- _Data extracts_
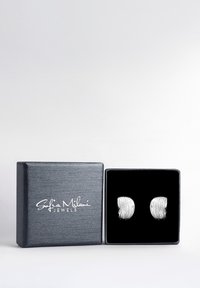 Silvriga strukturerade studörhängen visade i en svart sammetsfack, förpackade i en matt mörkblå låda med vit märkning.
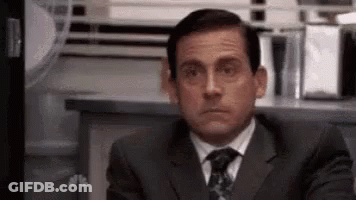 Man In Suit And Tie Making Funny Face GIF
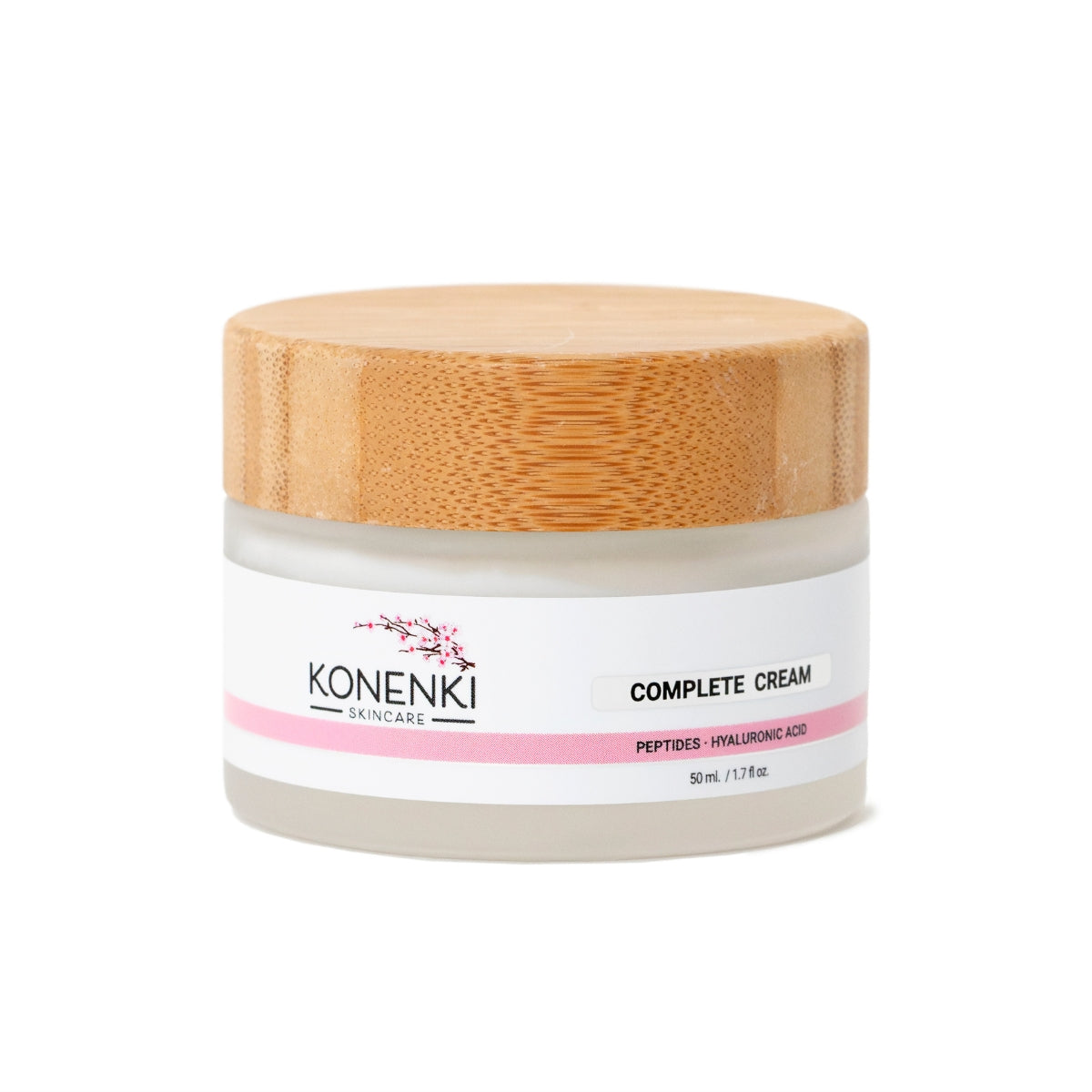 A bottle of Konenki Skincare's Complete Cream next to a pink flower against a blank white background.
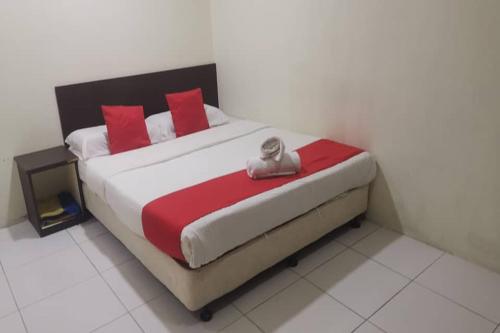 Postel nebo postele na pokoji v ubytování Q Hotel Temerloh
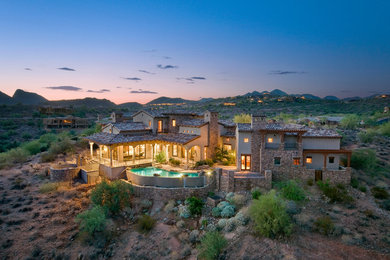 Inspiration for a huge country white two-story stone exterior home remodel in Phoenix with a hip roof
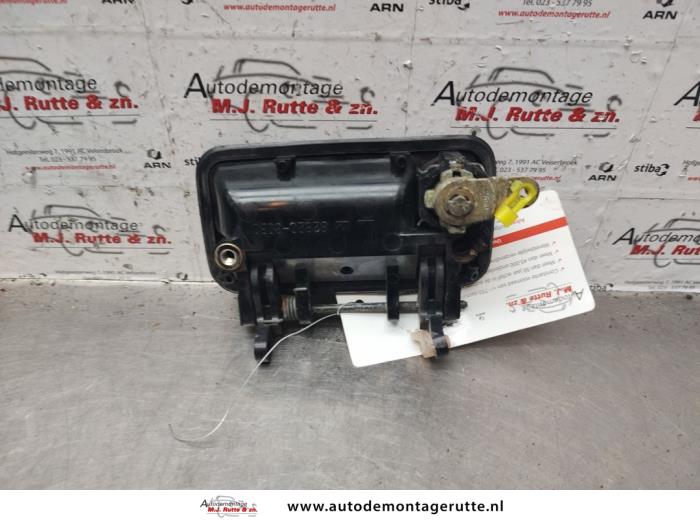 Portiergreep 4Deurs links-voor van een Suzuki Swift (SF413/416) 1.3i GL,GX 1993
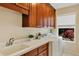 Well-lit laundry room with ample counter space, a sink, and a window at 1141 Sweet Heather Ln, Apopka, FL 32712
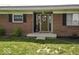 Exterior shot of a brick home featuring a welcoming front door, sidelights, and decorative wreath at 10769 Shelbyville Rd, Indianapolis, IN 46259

- _Work instruction_
Word for word, repeat the material above and drop the pictures.

- _Exercise output_
 Silvriga strukturerade studörhängen visade i en svart sammetsfack, förpackade i en matt mörkblå låda med vit märkning.
 Man In Suit And Tie Making Funny Face GIF
 A bottle of Konenki Skincare's Complete Cream next to a pink flower against a blank white background.
 Postel nebo postele na pokoji v ubytování Q Hotel Temerloh
 Inspiration for a huge country white two-story stone exterior home remodel in Phoenix with a hip roof
 Portiergreep 4Deurs links-voor van een Suzuki Swift (SF413/416) 1.3i GL,GX 1993
 Well-lit laundry room with ample counter space, a sink, and a window at 1141 Sweet Heather Ln, Apopka, FL 32712
 Exterior shot of a brick home featuring a welcoming front door, sidelights, and decorative wreath at 10769 Shelbyville Rd, Indianapolis, IN 46259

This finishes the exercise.